**Dataset content:**
- Opening Delimiter -

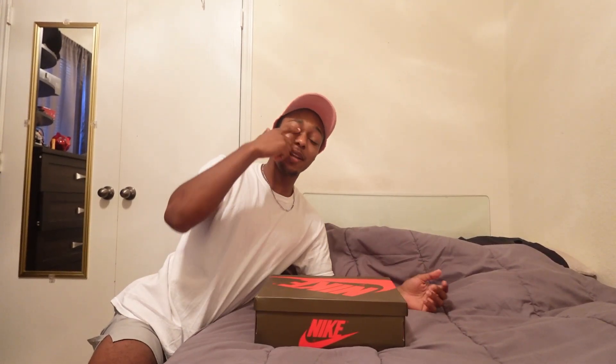Yo, what's good YouTube? It's that boy Yeecee with an I and not a Y, man, and we are back again with another YouTube video. As you can see, we have another shoe unboxing for y'all today.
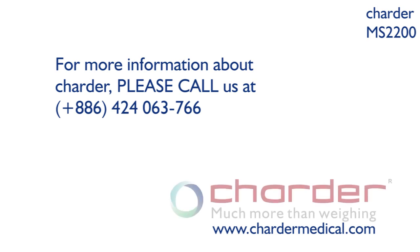To find out more information about the Charter MS2200 VESCAL, please call us at 864-2406-3766 or visit us at www.chartermedical.com.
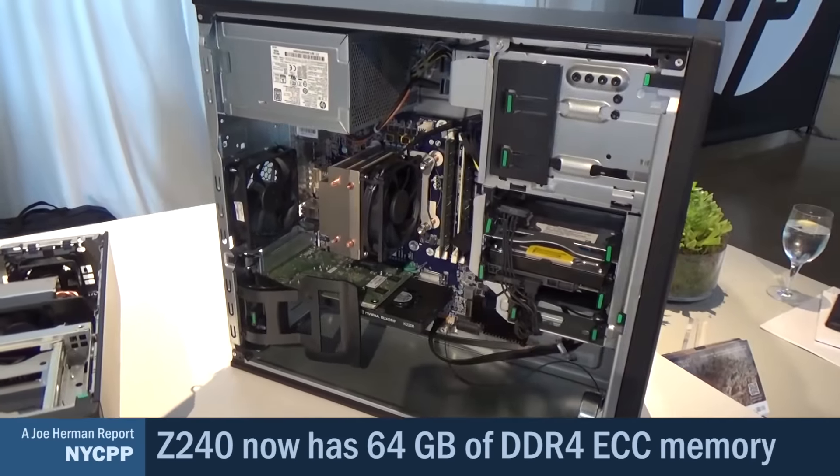Thanks for watching this report about the new HP Z240, an entry-level machine that delivers powerful workstation performance. With a price point about the same as a desktop PC, the Z240 will fit in any budget — whether you're a video editor, animator, designer, or a prosumer looking to step into the world of workstations. This is Joe Herman.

- Closing Delimiter -

**Aim of the exercise:** All of the listing above has to be reproduced exactly, though without its images.

**Response:**
Yo, what's good YouTube? It's that boy Yeecee with an I and not a Y, man, and we are back again with another YouTube video. As you can see, we have another shoe unboxing for y'all today.
To find out more information about the Charter MS2200 VESCAL, please call us at 864-2406-3766 or visit us at www.chartermedical.com.
Thanks for watching this report about the new HP Z240, an entry-level machine that delivers powerful workstation performance. With a price point about the same as a desktop PC, the Z240 will fit in any budget — whether you're a video editor, animator, designer, or a prosumer looking to step into the world of workstations. This is Joe Herman.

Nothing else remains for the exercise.